Charcoal on paper
Abandoned on the side road that snakes around the back of the college where I work there is currently a burnt out shell of a car. It is just a hollowed out shell too, with nothing remaining of the insides and barely anything left of the wheels. I was shocked when I first encountered it, as one can’t but project all sorts of grim and violent narratives onto such an object. I found myself compelled to take a few photographs of it as a record, wondering, I must admit, if such a thing had any potential to be developed into a painting that had a place in this current series that is evolving about abandoned vehicles. Not coming across scenes like this very often, it seemed to good an opportunity not to record it before it was removed.
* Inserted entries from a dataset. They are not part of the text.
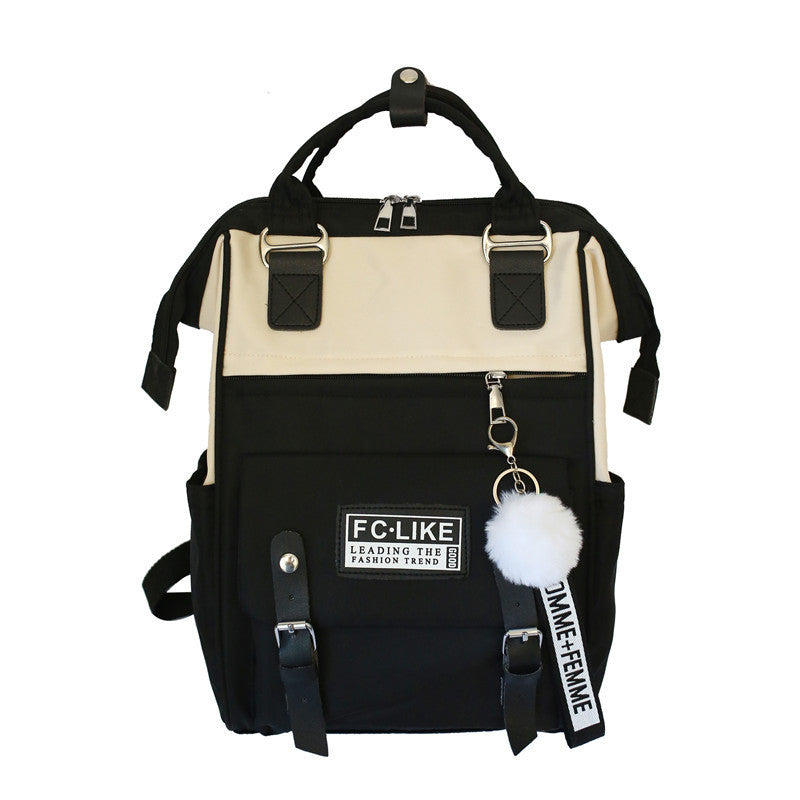 Junior High School Student Large Capacity High School Student Backpack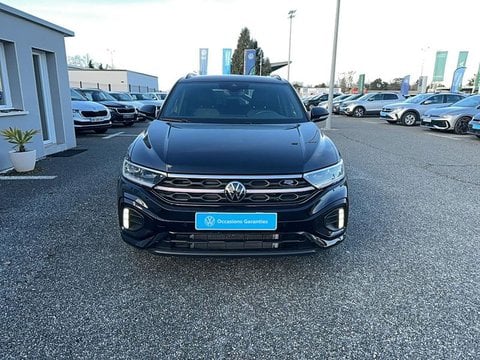 Voitures D'occasion À Tarbes | Volkswagen T-Roc 1.5 Tsi Evo2 150 Start/Stop Dsg7 R-Line Edition 5P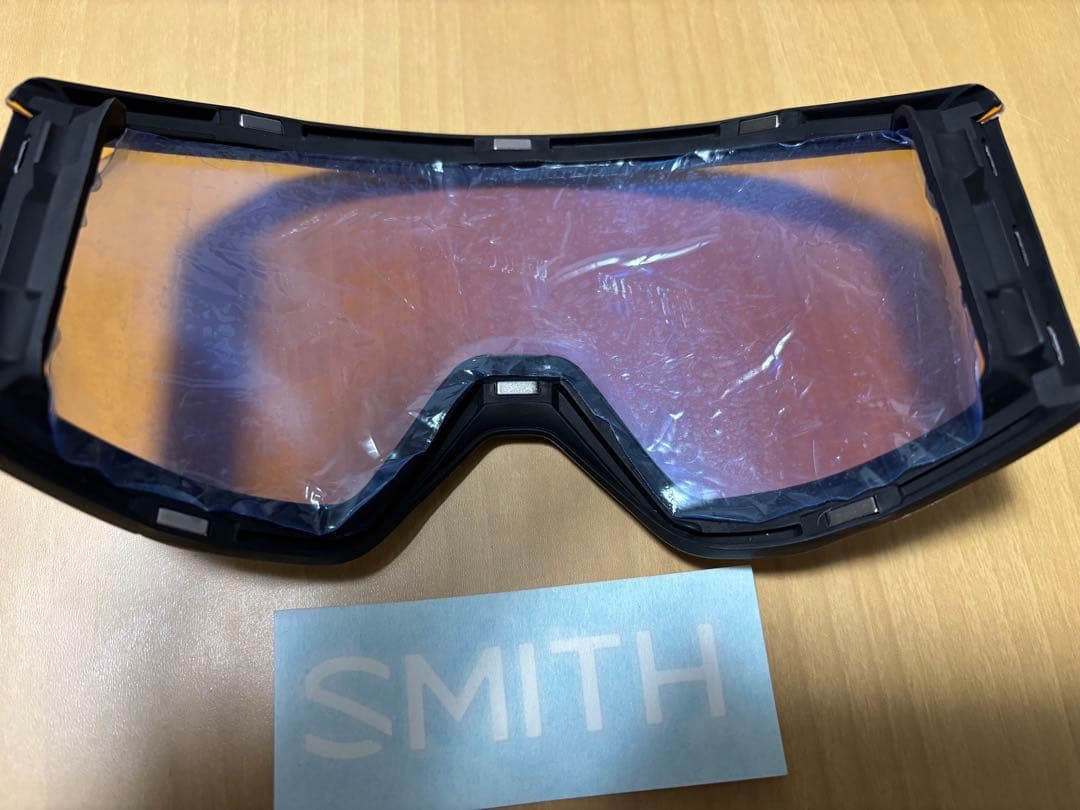 新品未使用　SMITH 交換レンズ　スミス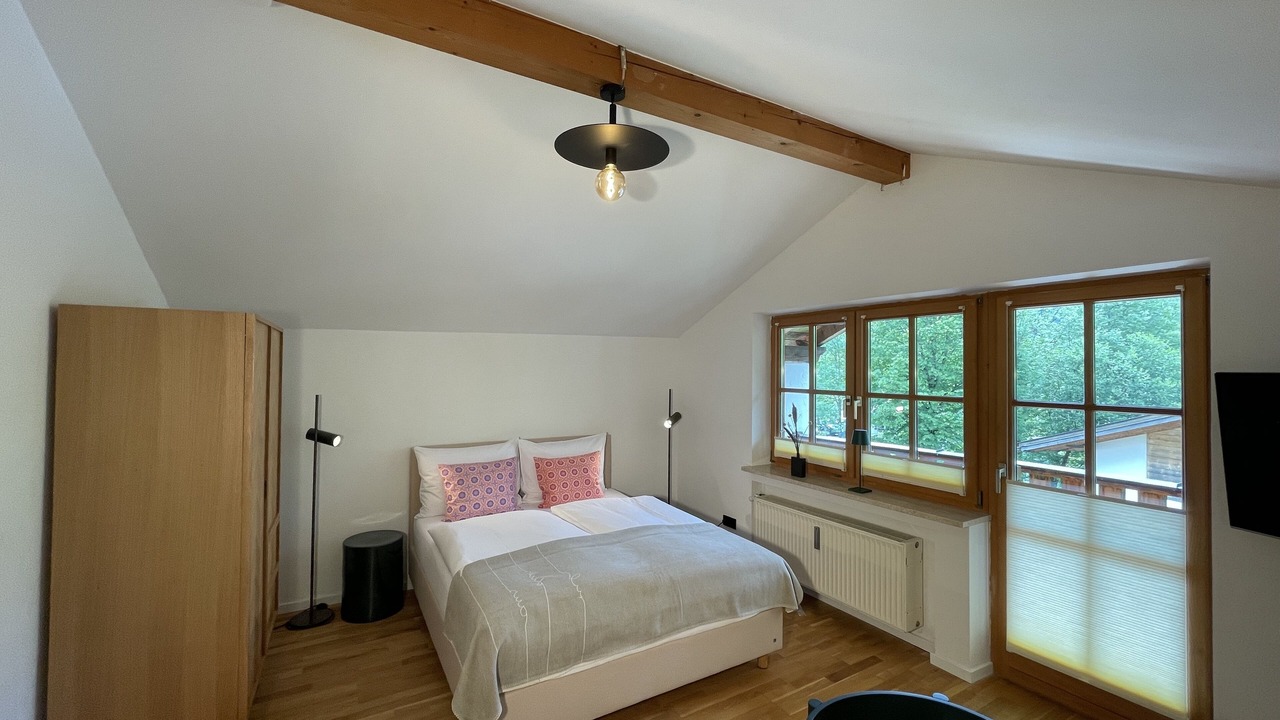 Photo of Bedroom in Untergrainau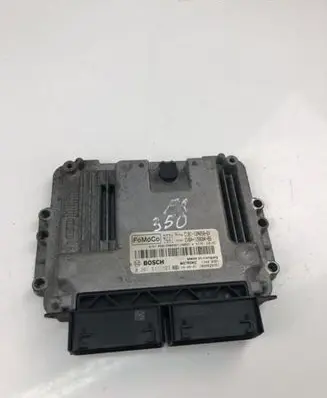 Ford Fiesta Engine control unit/module C1B112A650EK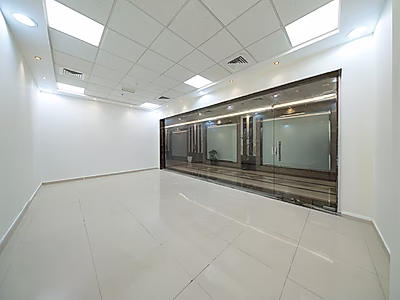 مكتب مجهز  39 متر مربع | بن محمود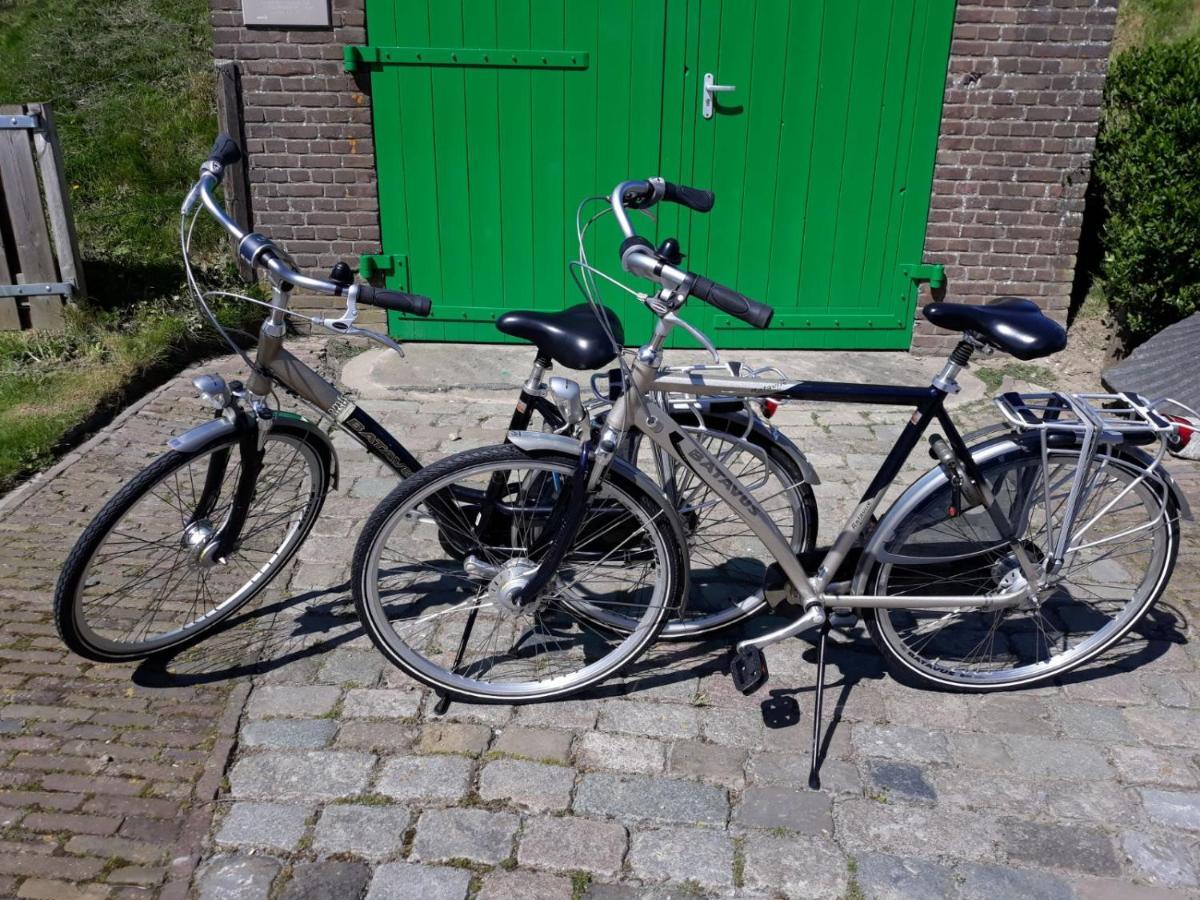 Bij Molen De Blazekop, Rustig En Landelijk Ovezande Exterior foto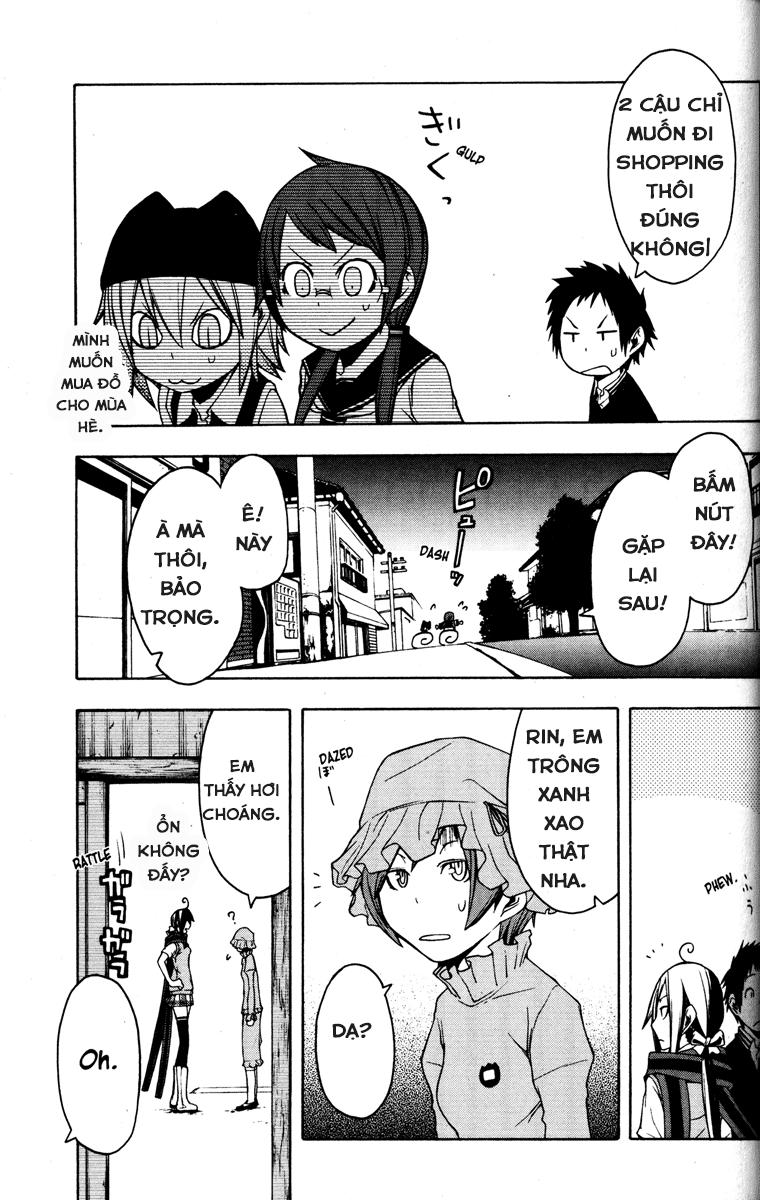 Yozakura Quartet Chapter 26 - 17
I was surprised to see it still there nearly two weeks later, and decided to visit the site again under cover of darkness to take some further photographs of it illuminated under the streetlight above. I’ve started now to attempt some drawings from these, above which is one of them, to explore whether it has any potential as a subject. I’m aware that it is a bit extreme, which is not something I am normally attracted to. It just seems to fit right now, and that’s enough. I don’t think it’s good to analyse things while you are making them. There should be some mystery.
John Salt, 'Desert Wreck', airbrushed paint on canvas, 1972
Andy Warhol, 'Green Car Crash', silkscreen on canvas, 1963
Of course, I’m reminded of John Salt’s photo-realist paintings of car wrecks in American trailer parks, or even Andy Warhol’s paintings of car crashes, so I’m in good company.
And of course the title for this post references Springsteen’s great and bleak song of the same name from the magnificent ‘The River’ album. Side two of that record has many dark songs, including ‘Stolen Car’ which I referenced in my recent exhibition at Rugby Museum and Art Gallery.